Les partis de la majorité disent s’attaquer à trois obstacles successifs en matière fiscale. Mais en réalité, il s’agit de conserver un système d’Etat dépensier et ultra-taxateur, sans en modifier la substance ni même en corriger les défauts.

Il y a d’abord eu le contrôle budgétaire pour résorber un des habituels “trous” dans les finances publiques. Une bonne partie de ce “trou” résulte de mauvais calculs effectués en matière de pensions. On peut s’étonner que, dans un monde politique où la moindre petite phrase peut coûter une carrière, personne ne paraisse sérieusement inquiété pour une bévue d’une telle dimension. Quoi qu’il en soit, il s’est agi, comme de coutume et contrairement à ce que le gouvernement affirme, d’augmenter encore quelques recettes et, non pas de réduire, mais d’augmenter un peu moins que prévu les dépenses.

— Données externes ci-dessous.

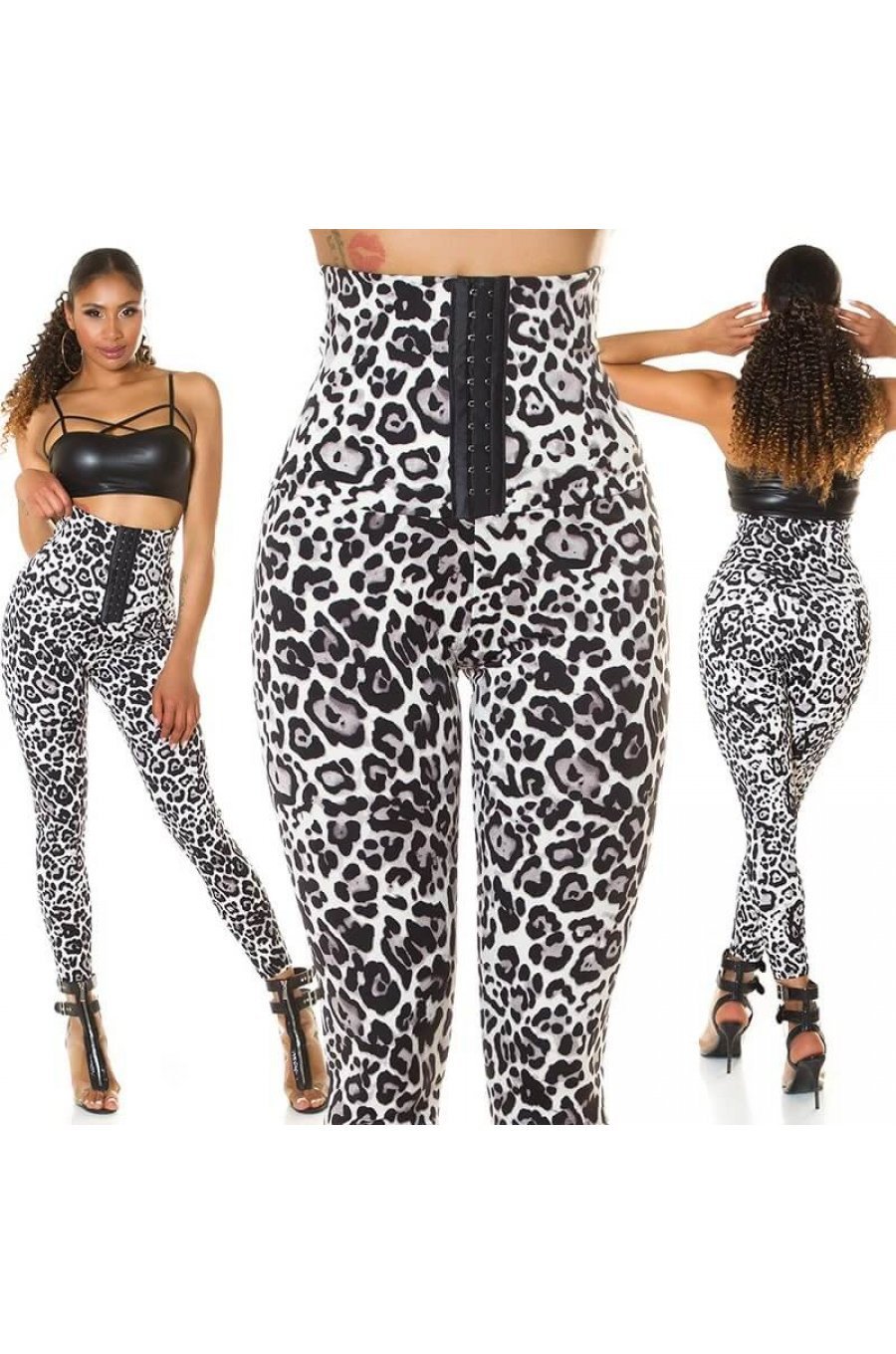 Colanti modelatori cu corset animal print leopard gri Dezzi 6 - jojofashion.ro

Nous avons déjà relevé, dans nos chroniques, que le budget 2015 prévoyait une augmentation d’impôts de 3,8 milliards et des dépenses de 5 milliards, et donc qu’il n’existe aucune politique gouvernementale de contraction effective des unes et des autres. La politique des gouvernements précédents – consistant à toujours augmenter les dépenses, tenues pour des droits acquis pour leurs bénéficiaires, et à toujours majorer les impôts – est maintenue.

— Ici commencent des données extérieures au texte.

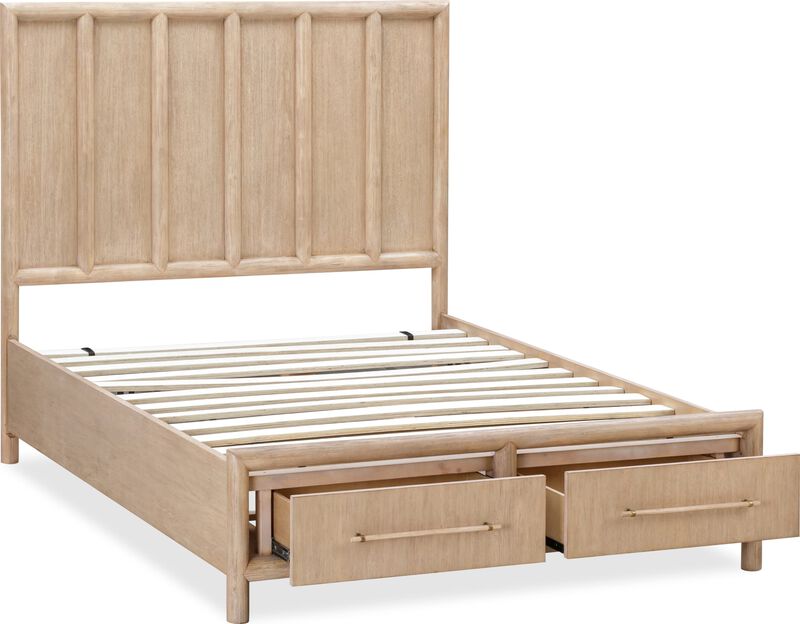 Dorsey California King-size Two Drawer Storage Bed in Granola image number 5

On annonce ensuite depuis des mois un tax shift qui, par définition, n’implique, lui non plus, aucune réduction, ni des dépenses, ni des recettes, mais un léger glissement d’une charge pesant essentiellement sur les revenus du travail, vers la consommation, l’énergie, voire l’épargne. En réalité, il y a peu de chances que ce mouvement, assez dérisoire puisqu’il devrait vraisemblablement porter sur moins de 1 % de la charge fiscale, permette une réduction des impôts sur le travail qui soit inférieure à l’augmentation des impôts qu’en catimini le gouvernement prévoit dans le budget. Dans un tel cadre budgétaire, le fameux tax shift consiste donc en une simple réorientation d’une partie des augmentations d’impôts, et non en une réduction quelconque de la charge pesant sur tous les travailleurs.

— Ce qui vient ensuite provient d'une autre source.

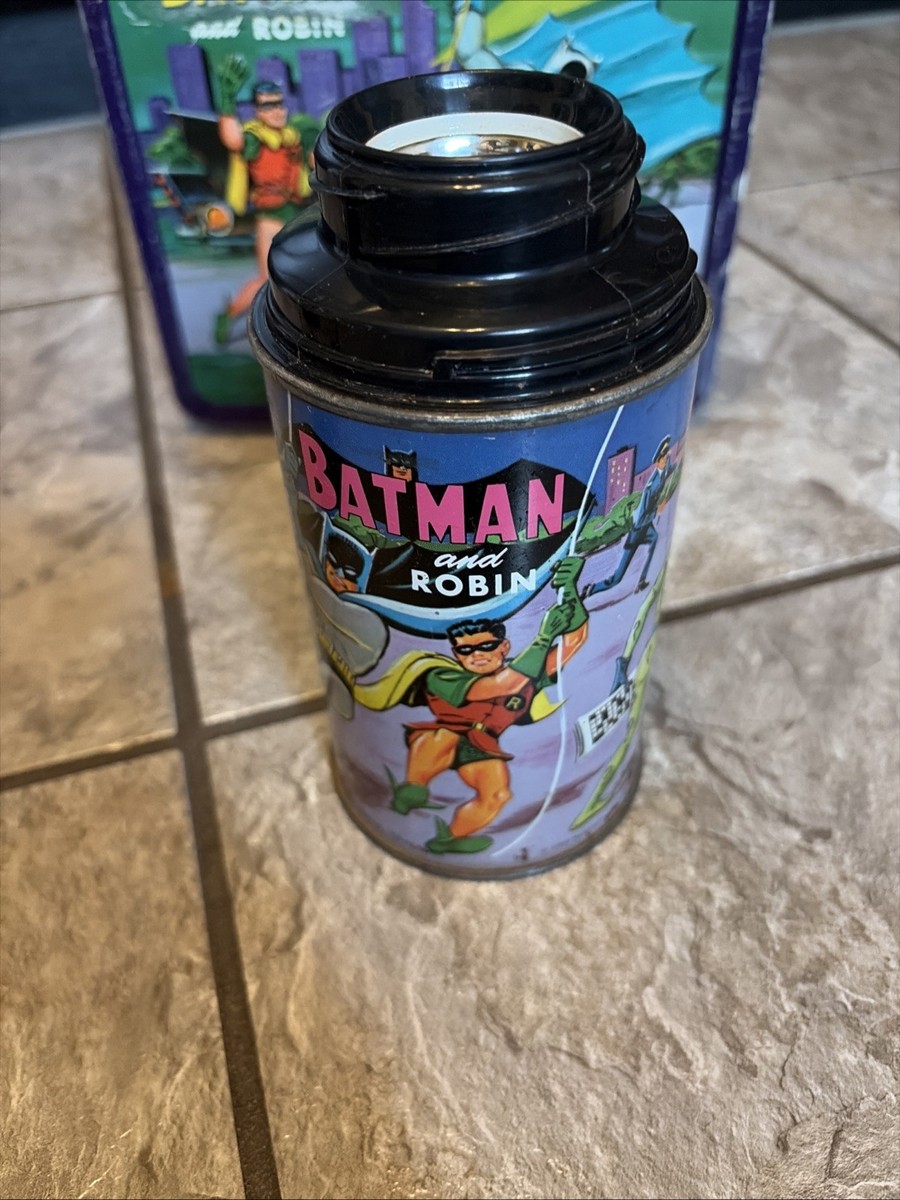 Vintage 1966 BATMAN and ROBIN Aladdin Lunch Box W/Thermos Free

Enfin, on annonce une “grande” réforme fiscale mais, à nouveau, le gouvernement se refuse à toucher aux dépenses publiques. Tout ce qu’il a présenté jusqu’ici comme une “diminution” de celles-ci, en suivant la même technique que son prédécesseur, n’est, en tout cas globalement, qu’une réduction du rythme d’augmentation de ces dépenses. La vérité est que celles-ci ne diminuent jamais, et qu’il en sera de même dans le cadre de la réforme fiscale annoncée.

Les victimes de l’Etat providence se retrouveront toujours parmi les mêmes groupes: ceux qui font vivre le pays

On a affaire à un gouvernement qui (comme les autres) refuse de voir qu’il y a deux colonnes dans un budget (les recettes et les dépenses) et qui s’incline devant les exigences de ceux qui, bénéficiant des prébendes de l’Etat, exigent qu’il s’agisse de droits acquis pour toujours.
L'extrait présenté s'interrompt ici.